▸ INSTRUCTIONS FOR THE TASK
The task calls for each record to be given again unchanged, minus any pictures.

--- RECORDS FOR THIS EXERCISE ---

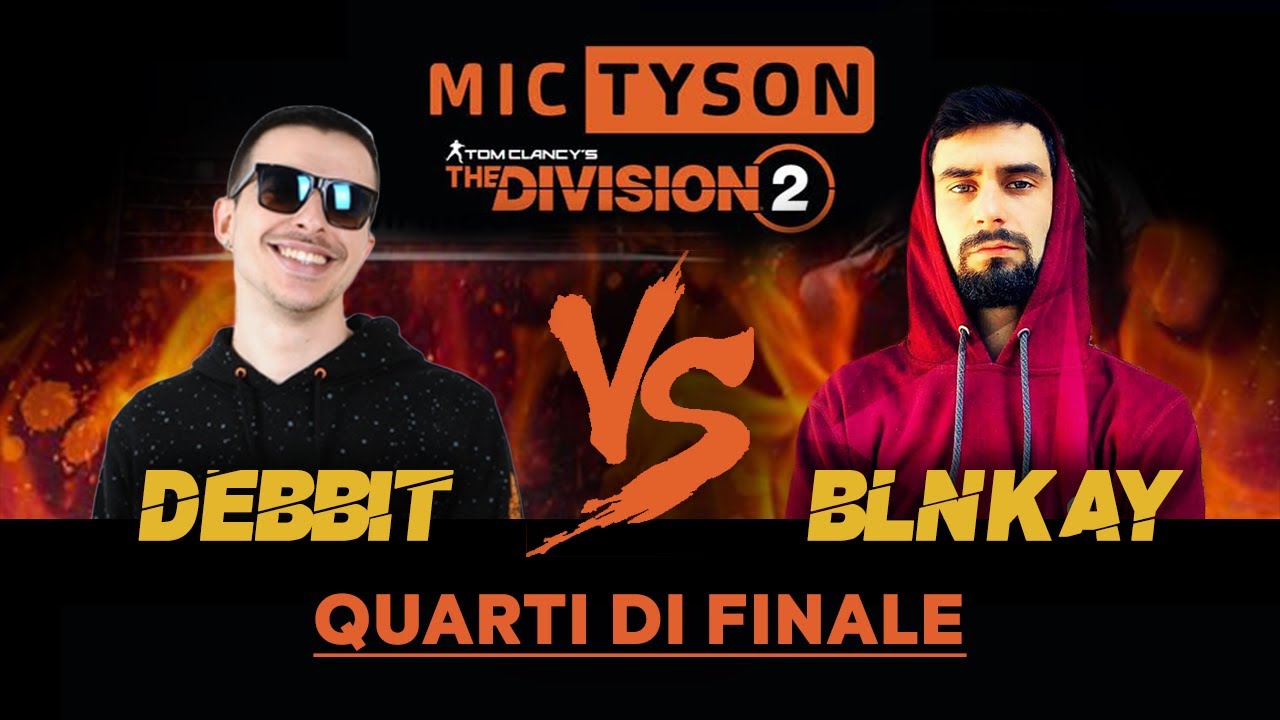 DEBBIT vs BLNKAY - Mic Tyson 2019 (Quarti di Finale, Turno 4) | Freestyle Battle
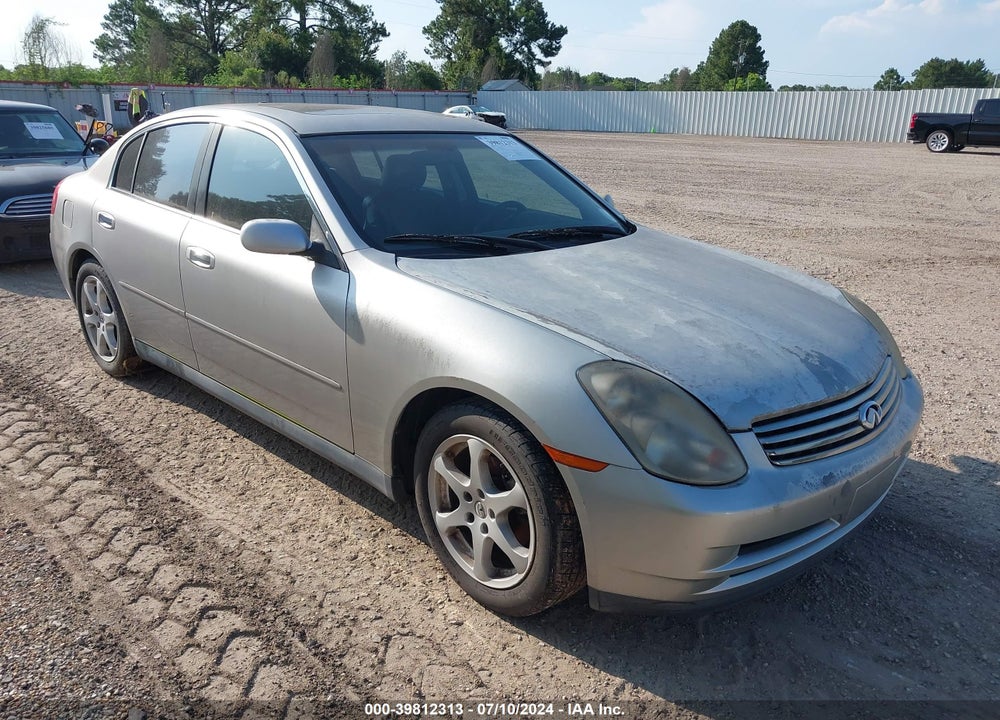 2004 INFINITI G35 VIN: JNKCV51E24M607942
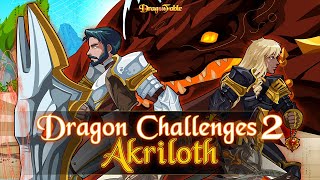 DragonFable | Akriloth, the Protector | ShadowWalker of Time (DA, DC, DM, Seasonal)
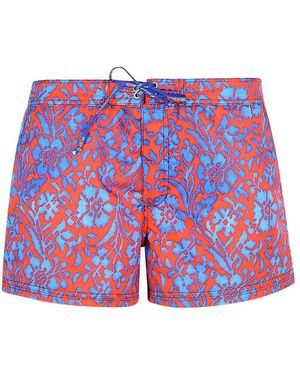 ERL Stampa' Polyester Swimsuit - Red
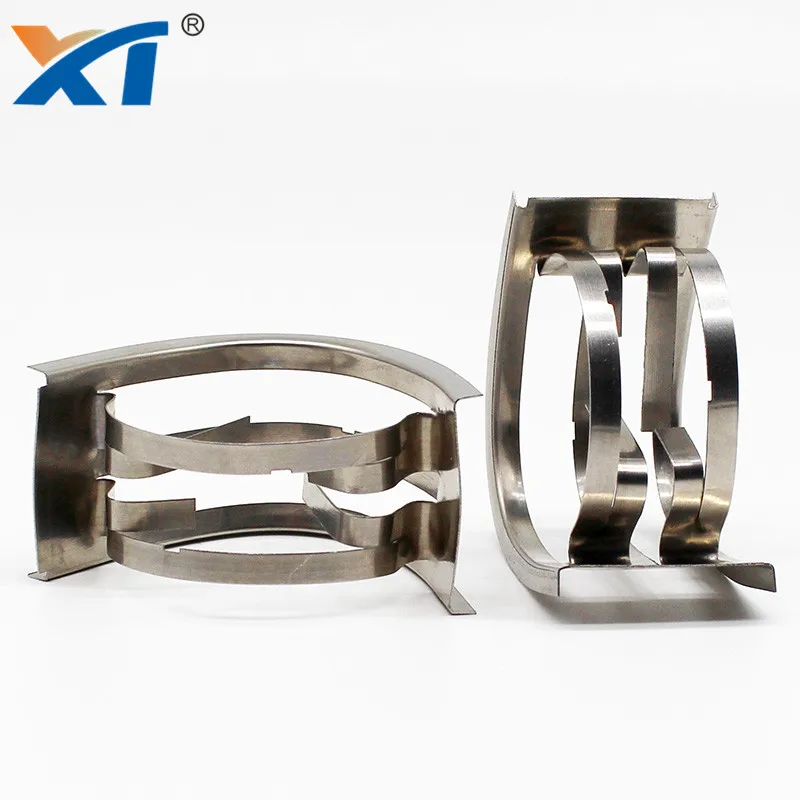 15MM 25MM Stainless Steel IMTP Metal Intalox Saddles Ring Packing for Distillation Column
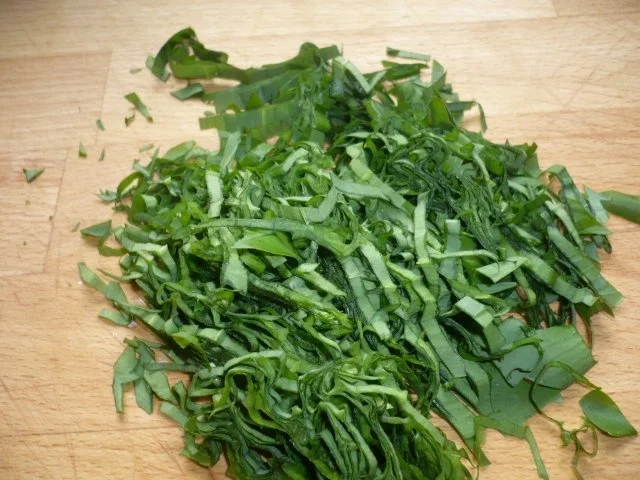 Bärlauch-Dinkel-Flädle - Rezept - Bild Nr. 4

---

▸ EXERCISE SOLUTION
 DEBBIT vs BLNKAY - Mic Tyson 2019 (Quarti di Finale, Turno 4) | Freestyle Battle
 2004 INFINITI G35 VIN: JNKCV51E24M607942
 DragonFable | Akriloth, the Protector | ShadowWalker of Time (DA, DC, DM, Seasonal)
 ERL Stampa' Polyester Swimsuit - Red
 15MM 25MM Stainless Steel IMTP Metal Intalox Saddles Ring Packing for Distillation Column
 Bärlauch-Dinkel-Flädle - Rezept - Bild Nr. 4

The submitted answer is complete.